At the stairs, I grabbed Genya’s hand. “What did you whisper?” I asked quietly. “To the King.”

She watched the others move up the steps, then said, “Na razrusha’ya. E’ya razrushost.” I am not ruined. I am ruination.

My brows rose. “Remind me to stay on your good side.”

“Darling,” she said, turning one scarred cheek to me, then the other, “I don’t have a good side anymore.” Her tone was merry, but I heard sadness there too. She winked at me with her remaining eye and disappeared up the stairs.

* * *

MAL HAD WORKED with Nevsky to see to our sleeping arrangements, so he was left to show me to my quarters, a set of rooms on the eastern side of the mountain. The door frame was formed by the clasped hands of two bronze maidens I thought might be meant to embody the Morning and Evening Stars. Inside, the far wall was entirely taken up by a round window, ringed in riveted brass like a sidescuttle on a ship. The lanterns were lit, and though the view would most likely be spectacular in the daytime, right now, there was nothing to see but darkness and my own tired face looking back at me.

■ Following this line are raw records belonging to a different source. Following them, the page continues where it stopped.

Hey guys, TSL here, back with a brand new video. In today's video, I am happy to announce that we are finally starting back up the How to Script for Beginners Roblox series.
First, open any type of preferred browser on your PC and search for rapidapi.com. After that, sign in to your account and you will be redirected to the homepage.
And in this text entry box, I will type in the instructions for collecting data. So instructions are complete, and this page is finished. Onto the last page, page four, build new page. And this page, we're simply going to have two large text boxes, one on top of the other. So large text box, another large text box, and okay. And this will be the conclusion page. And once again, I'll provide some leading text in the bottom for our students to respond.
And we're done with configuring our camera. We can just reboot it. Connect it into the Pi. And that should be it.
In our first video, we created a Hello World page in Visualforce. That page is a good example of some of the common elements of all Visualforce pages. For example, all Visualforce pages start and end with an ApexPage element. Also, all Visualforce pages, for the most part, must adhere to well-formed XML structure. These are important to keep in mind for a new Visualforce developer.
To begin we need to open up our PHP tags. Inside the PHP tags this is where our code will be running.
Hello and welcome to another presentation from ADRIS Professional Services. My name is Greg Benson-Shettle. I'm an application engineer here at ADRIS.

“The twins and I will be right next door,” Mal said. “And one of us will be posted while you sleep.”

A pitcher of hot water was waiting for me by the basin, and I rinsed my face as Mal reported on the accommodations he’d secured for the rest of the Grisha, how long it would take to outfit our expedition into the Sikurzoi, and how he wanted to divide the group. I tried to listen, but at some point, my mind shut down.

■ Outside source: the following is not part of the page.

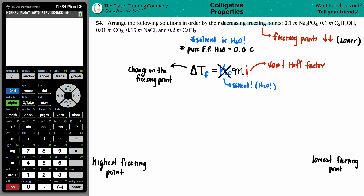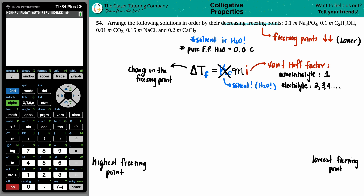The van't Hoff factor i represents the number of ions a compound produces in solution. This depends on whether you have a non-electrolyte or an electrolyte. A non-electrolyte does not break down in the solvent — its van't Hoff factor is 1. An electrolyte breaks into ions, so its van't Hoff factor could be 2, 3, or 4, depending on the compound.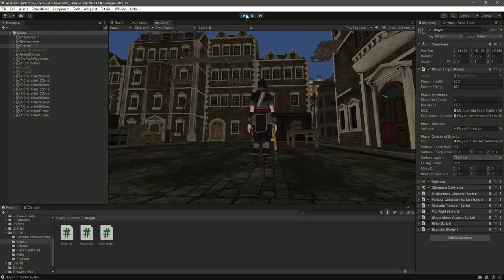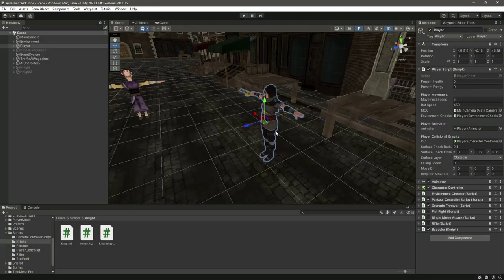Now with the player health and player energy added, let's end this video right here.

I sat on the stone bench of the window seat. “I’m sorry,” I said. “I just can’t.”

He stood there, and I could almost see him wrestling with whether or not to sit down beside me. In the end, he stayed where he was.

“You saved my life today,” he said.

I shrugged. “And you saved mine. It’s kind of what we do.”

“I know it isn’t easy, making your first kill.”

“I’ve been responsible for a lot of deaths. This shouldn’t be any different.”

“But it is.”

“He was a soldier like us. He probably has a family somewhere, a girl he loves, maybe even a child. He was there and then he was just … gone.” I knew I should leave it at that, but I needed to let the words out. “And you know the really scary part? It was easy.”

Mal was quiet for a long moment. Then he said, “I’m not sure who my first kill was. We were hunting the stag when we ran into a Fjerdan patrol on the northern border. I don’t think the fight lasted more than a few minutes, but I killed three men. They were doing a job, same as I was, trying to get through one day to the next, then they were bleeding in the snow. No way to tell who was the first to fall, and I’m not sure it matters. You keep them at a distance. The faces start to blur.”